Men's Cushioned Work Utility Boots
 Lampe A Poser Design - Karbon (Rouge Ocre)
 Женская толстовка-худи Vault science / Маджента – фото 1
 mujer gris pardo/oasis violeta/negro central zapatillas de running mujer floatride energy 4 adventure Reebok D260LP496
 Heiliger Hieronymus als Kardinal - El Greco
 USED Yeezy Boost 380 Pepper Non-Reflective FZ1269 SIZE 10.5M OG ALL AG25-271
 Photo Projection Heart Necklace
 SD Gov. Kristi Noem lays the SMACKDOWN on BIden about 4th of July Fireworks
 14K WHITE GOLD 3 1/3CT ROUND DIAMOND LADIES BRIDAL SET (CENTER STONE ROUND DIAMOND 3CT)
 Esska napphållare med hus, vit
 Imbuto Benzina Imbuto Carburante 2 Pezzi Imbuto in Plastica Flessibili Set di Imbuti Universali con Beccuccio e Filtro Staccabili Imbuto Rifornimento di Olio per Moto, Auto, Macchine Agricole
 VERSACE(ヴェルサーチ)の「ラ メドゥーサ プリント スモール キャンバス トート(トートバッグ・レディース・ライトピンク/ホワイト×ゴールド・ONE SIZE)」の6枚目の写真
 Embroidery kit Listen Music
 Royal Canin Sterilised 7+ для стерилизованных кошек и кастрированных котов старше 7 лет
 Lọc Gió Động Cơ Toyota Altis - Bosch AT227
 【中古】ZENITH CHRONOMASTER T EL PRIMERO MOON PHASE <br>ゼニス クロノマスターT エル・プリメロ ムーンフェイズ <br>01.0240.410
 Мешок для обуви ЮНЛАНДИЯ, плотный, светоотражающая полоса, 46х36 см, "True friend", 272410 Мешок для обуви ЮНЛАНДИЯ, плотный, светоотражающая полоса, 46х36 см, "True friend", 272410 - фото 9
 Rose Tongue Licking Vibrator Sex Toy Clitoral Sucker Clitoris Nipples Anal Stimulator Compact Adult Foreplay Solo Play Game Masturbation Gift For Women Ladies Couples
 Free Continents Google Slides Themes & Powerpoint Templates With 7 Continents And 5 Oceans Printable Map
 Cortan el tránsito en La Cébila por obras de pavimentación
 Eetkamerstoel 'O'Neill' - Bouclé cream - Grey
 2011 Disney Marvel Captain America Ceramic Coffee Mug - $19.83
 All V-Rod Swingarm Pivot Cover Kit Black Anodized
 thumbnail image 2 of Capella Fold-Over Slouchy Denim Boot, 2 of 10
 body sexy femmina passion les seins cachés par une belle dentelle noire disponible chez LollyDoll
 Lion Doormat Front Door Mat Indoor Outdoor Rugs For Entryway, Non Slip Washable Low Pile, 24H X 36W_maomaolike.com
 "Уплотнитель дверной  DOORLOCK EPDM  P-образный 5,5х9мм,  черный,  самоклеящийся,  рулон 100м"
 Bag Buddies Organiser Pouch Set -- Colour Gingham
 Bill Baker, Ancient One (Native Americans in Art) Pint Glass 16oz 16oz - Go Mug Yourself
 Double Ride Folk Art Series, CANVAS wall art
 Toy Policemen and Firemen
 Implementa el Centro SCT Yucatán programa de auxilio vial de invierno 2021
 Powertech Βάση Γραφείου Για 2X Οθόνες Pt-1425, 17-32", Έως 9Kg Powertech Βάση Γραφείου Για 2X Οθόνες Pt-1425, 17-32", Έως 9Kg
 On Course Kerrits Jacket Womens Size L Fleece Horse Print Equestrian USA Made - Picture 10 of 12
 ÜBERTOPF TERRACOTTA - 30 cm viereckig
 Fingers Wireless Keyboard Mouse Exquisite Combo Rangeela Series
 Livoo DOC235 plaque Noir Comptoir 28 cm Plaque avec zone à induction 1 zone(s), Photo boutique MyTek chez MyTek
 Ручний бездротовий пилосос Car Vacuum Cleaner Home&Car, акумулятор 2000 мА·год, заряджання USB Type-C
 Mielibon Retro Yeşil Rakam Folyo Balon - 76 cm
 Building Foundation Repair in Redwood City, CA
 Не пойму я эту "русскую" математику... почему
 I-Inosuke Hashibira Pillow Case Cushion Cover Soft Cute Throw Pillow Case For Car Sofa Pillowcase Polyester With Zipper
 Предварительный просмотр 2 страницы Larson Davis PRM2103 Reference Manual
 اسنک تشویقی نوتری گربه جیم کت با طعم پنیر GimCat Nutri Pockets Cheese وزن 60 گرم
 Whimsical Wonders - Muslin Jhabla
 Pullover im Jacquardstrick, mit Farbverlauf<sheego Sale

• [Problem statement]:
The answer must be a word-for-word reproduction of every record above.

• [Result of this task]:
Men's Cushioned Work Utility Boots
 Lampe A Poser Design - Karbon (Rouge Ocre)
 Женская толстовка-худи Vault science / Маджента – фото 1
 mujer gris pardo/oasis violeta/negro central zapatillas de running mujer floatride energy 4 adventure Reebok D260LP496
 Heiliger Hieronymus als Kardinal - El Greco
 USED Yeezy Boost 380 Pepper Non-Reflective FZ1269 SIZE 10.5M OG ALL AG25-271
 Photo Projection Heart Necklace
 SD Gov. Kristi Noem lays the SMACKDOWN on BIden about 4th of July Fireworks
 14K WHITE GOLD 3 1/3CT ROUND DIAMOND LADIES BRIDAL SET (CENTER STONE ROUND DIAMOND 3CT)
 Esska napphållare med hus, vit
 Imbuto Benzina Imbuto Carburante 2 Pezzi Imbuto in Plastica Flessibili Set di Imbuti Universali con Beccuccio e Filtro Staccabili Imbuto Rifornimento di Olio per Moto, Auto, Macchine Agricole
 VERSACE(ヴェルサーチ)の「ラ メドゥーサ プリント スモール キャンバス トート(トートバッグ・レディース・ライトピンク/ホワイト×ゴールド・ONE SIZE)」の6枚目の写真
 Embroidery kit Listen Music
 Royal Canin Sterilised 7+ для стерилизованных кошек и кастрированных котов старше 7 лет
 Lọc Gió Động Cơ Toyota Altis - Bosch AT227
 【中古】ZENITH CHRONOMASTER T EL PRIMERO MOON PHASE <br>ゼニス クロノマスターT エル・プリメロ ムーンフェイズ <br>01.0240.410
 Мешок для обуви ЮНЛАНДИЯ, плотный, светоотражающая полоса, 46х36 см, "True friend", 272410 Мешок для обуви ЮНЛАНДИЯ, плотный, светоотражающая полоса, 46х36 см, "True friend", 272410 - фото 9
 Rose Tongue Licking Vibrator Sex Toy Clitoral Sucker Clitoris Nipples Anal Stimulator Compact Adult Foreplay Solo Play Game Masturbation Gift For Women Ladies Couples
 Free Continents Google Slides Themes & Powerpoint Templates With 7 Continents And 5 Oceans Printable Map
 Cortan el tránsito en La Cébila por obras de pavimentación
 Eetkamerstoel 'O'Neill' - Bouclé cream - Grey
 2011 Disney Marvel Captain America Ceramic Coffee Mug - $19.83
 All V-Rod Swingarm Pivot Cover Kit Black Anodized
 thumbnail image 2 of Capella Fold-Over Slouchy Denim Boot, 2 of 10
 body sexy femmina passion les seins cachés par une belle dentelle noire disponible chez LollyDoll
 Lion Doormat Front Door Mat Indoor Outdoor Rugs For Entryway, Non Slip Washable Low Pile, 24H X 36W_maomaolike.com
 "Уплотнитель дверной  DOORLOCK EPDM  P-образный 5,5х9мм,  черный,  самоклеящийся,  рулон 100м"
 Bag Buddies Organiser Pouch Set -- Colour Gingham
 Bill Baker, Ancient One (Native Americans in Art) Pint Glass 16oz 16oz - Go Mug Yourself
 Double Ride Folk Art Series, CANVAS wall art
 Toy Policemen and Firemen
 Implementa el Centro SCT Yucatán programa de auxilio vial de invierno 2021
 Powertech Βάση Γραφείου Για 2X Οθόνες Pt-1425, 17-32", Έως 9Kg Powertech Βάση Γραφείου Για 2X Οθόνες Pt-1425, 17-32", Έως 9Kg
 On Course Kerrits Jacket Womens Size L Fleece Horse Print Equestrian USA Made - Picture 10 of 12
 ÜBERTOPF TERRACOTTA - 30 cm viereckig
 Fingers Wireless Keyboard Mouse Exquisite Combo Rangeela Series
 Livoo DOC235 plaque Noir Comptoir 28 cm Plaque avec zone à induction 1 zone(s), Photo boutique MyTek chez MyTek
 Ручний бездротовий пилосос Car Vacuum Cleaner Home&Car, акумулятор 2000 мА·год, заряджання USB Type-C
 Mielibon Retro Yeşil Rakam Folyo Balon - 76 cm
 Building Foundation Repair in Redwood City, CA
 Не пойму я эту "русскую" математику... почему
 I-Inosuke Hashibira Pillow Case Cushion Cover Soft Cute Throw Pillow Case For Car Sofa Pillowcase Polyester With Zipper
 Предварительный просмотр 2 страницы Larson Davis PRM2103 Reference Manual
 اسنک تشویقی نوتری گربه جیم کت با طعم پنیر GimCat Nutri Pockets Cheese وزن 60 گرم
 Whimsical Wonders - Muslin Jhabla
 Pullover im Jacquardstrick, mit Farbverlauf<sheego Sale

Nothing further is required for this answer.